Moment of Truth

Riding the bus, a moment of fruition can strike Zach Zoya, and he can forget himself, absolutely. It’s the lightning bolt of inspiration, the moment before your love answers your text, the pop of the champagne cork—the arrival of the muse.
“Sometimes it just falls into place and I’m just like, 'Yeah!' and people look around at me like I’m crazy, but that’s the drug part of creativity—it’s where I get my high,” says Zoya, a Montreal-based musician whose last two years in the studio will bear two highly anticipated new Universal Music records this year. “That moment, out of nowhere, beauty is born and I’ll say something or play something back and it’s just—mwah! It’s a masterpiece, and that’s when I start jumping around: ‘We’re going to make it, bro!’ Watch out—nothing is stopping my grind.”
Creativity is difficult to define and every artist has their own process. For Zoya, who was born in rural Quebec after his father moved to Canada to escape the South African apartheid, creativity drips from his vocal delivery—from Drake-esque sing-song choruses to Ludacris-styled multisyllabic word flows—to his stage show, videos and influential fashion sense.
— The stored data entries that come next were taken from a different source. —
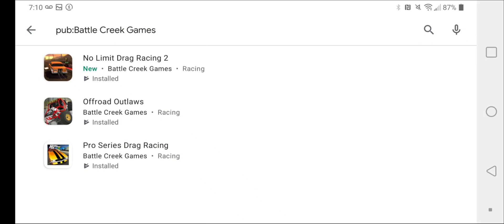And Drag Racing 2 is their second one, which they just made like two weeks ago, as you can see. So it's new right there. But that is pretty cool that they made another one. And this was the original Pro Series Drag Racing, that one right there.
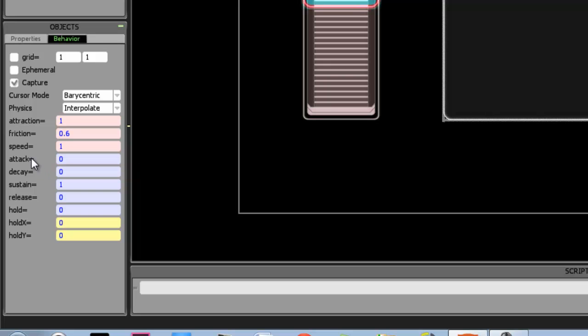Also other parameters such as attack, decay, sustain, release, hold x or hold y can all also be changed, but we're not going to be focusing on those in this specific tutorial.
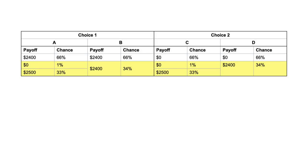Here's another intuitive way to think about this bet. Suppose I am going to generate one number between 1 and 100 randomly. If a number between 1 and 66 is generated, you win the prize in the first row. If number 67 is generated, you win the amount in the second row. If a number from 68 to 100 is generated, you win the sum in the third row. Suppose that you know that the number generated is between 1 and 66. Would you prefer bet A or B in choice 1? As you would win $2,400 with either choice, you will be indifferent.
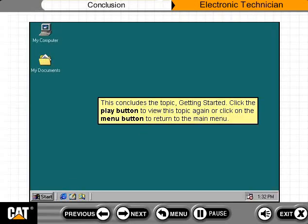This concludes the topic, Getting Started. Click the Play button to view this topic again, or click on the Menu button to return to the main menu.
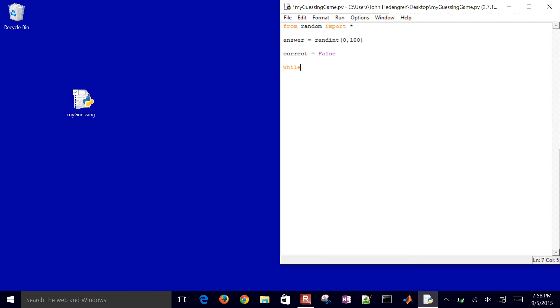Now I'll go ahead and create a while loop. While not correct, then I'm going to continually ask the user for input.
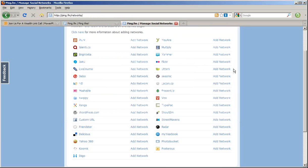So if you haven't signed up for a Ping account, please do. Add all your social networks in, and you can update them all at once. It saves a ton of time.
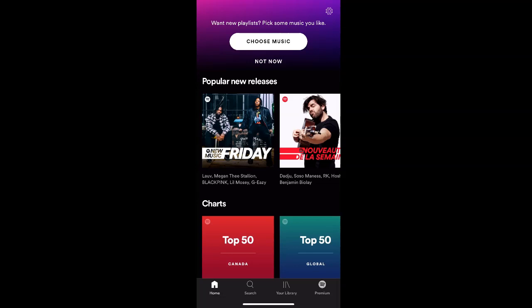How to change your display name on Spotify. If you want to change your display name associated with your profile, first go into the Spotify app and then from the home screen, select the settings icon in the top right corner.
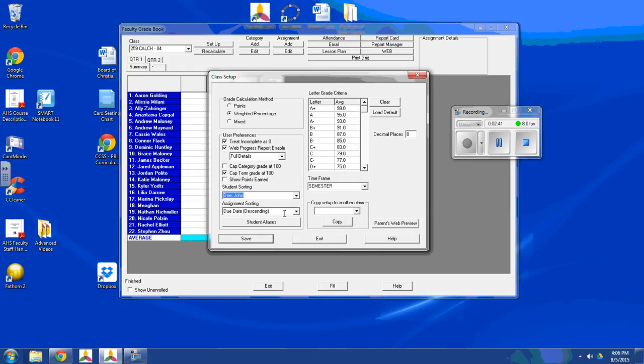One thing I will point out is that it also has what's called an alias. And I'm going to get to that in a second. This is especially helpful for those of you who may be a foreign language teacher and you want to remember your student by a foreign language name. You can set their alias. And I'll show you that in a second.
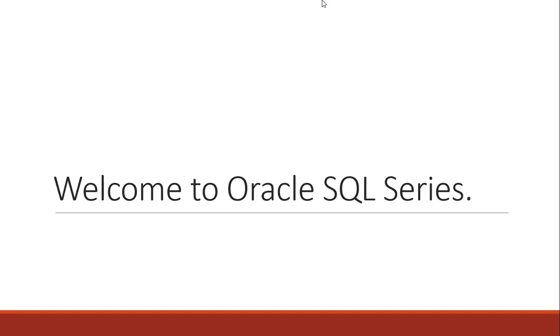Hello world, I'm Motabi Bashil and I welcome you to Oracle SQL series.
Learning English early on from American artists like Kendrick Lamar and Eminem, Zoya says that first he’ll listen to a beat, process it, then let it stir his emotions to action. Music, for him, is tied to both art and communication.
“I didn’t have a dictionary in my mind when I started in music, I had rhythm, and from there I learned flow and melody,” says Zoya, whose neighbourhood didn’t have an underground rap scene or urban outlets, so he learned about hip-hop through pop music channels, better understanding 50 Cent than 2Pac Shakur. “When you don’t understand English, melody becomes more important than wordplay and for me as an artist now, I think it’s given me a broad range of tools I can draw from. I let the sparks fly and create.”
In the summer of 2020, as protests shake the world from Sydney to Hong Kong, Atlanta to Paris, creativity has almost taken a back seat to pure outrage. The reckoning of systemic racism is affecting everyone, and Zoya, who learned about race and racism from his father who left the overt racism of apartheid, has armed himself, intellectually, for the resistance.
“In South Africa, the whole tourism industry is located in the white area where everything is good-looking, big houses, but if you go thirty minutes west to the townships, people barely have electricity and are just now having running water and bathrooms inside the house,” says Zoya, who has made five trips to South Africa and maintains close relationships with family there and feels a deep connection to that country’s ongoing racial struggles. “Overt racism—apartheid—is over in South Africa, but the CEO of the mining company is still white. Systemic racism is about the unfair distribution of power and wealth."
Things are different in Canada, says Zoya, but that doesn’t mean his adopted country gets a pass. “Canada doesn’t wear its racism as overtly as they did in South Africa, or even in the States with slavery, but there’s so much that makes people of colour less fortunate and provides us with less opportunity,” he says. “Sometimes, it makes you want to give up and cry or riot and express your anger and rage, but I still also think that the time to make the world a better place is coming. I think that time could be now.”
A better place is on the horizon for Zoya, who has taken the COVID-19 pandemic to refocus on his health and wellness. A former athlete, the musician has been eating well, exercising and sharpening his new music. He says he’s getting ready to build on the strength of his new single “Slurpee,” which has a video that looks as if it could have been directed by Spike Jonze. Zoya says he’s focusing his creativity on the future.
“I have a deep story that's part of me—I’m literally the mixed-race product of systemic racism and segregation, but that’s part of today’s conversation,” he says. “I make music and that’s how I contribute to the conversation. I look to the future and think that we’re going to be alright.”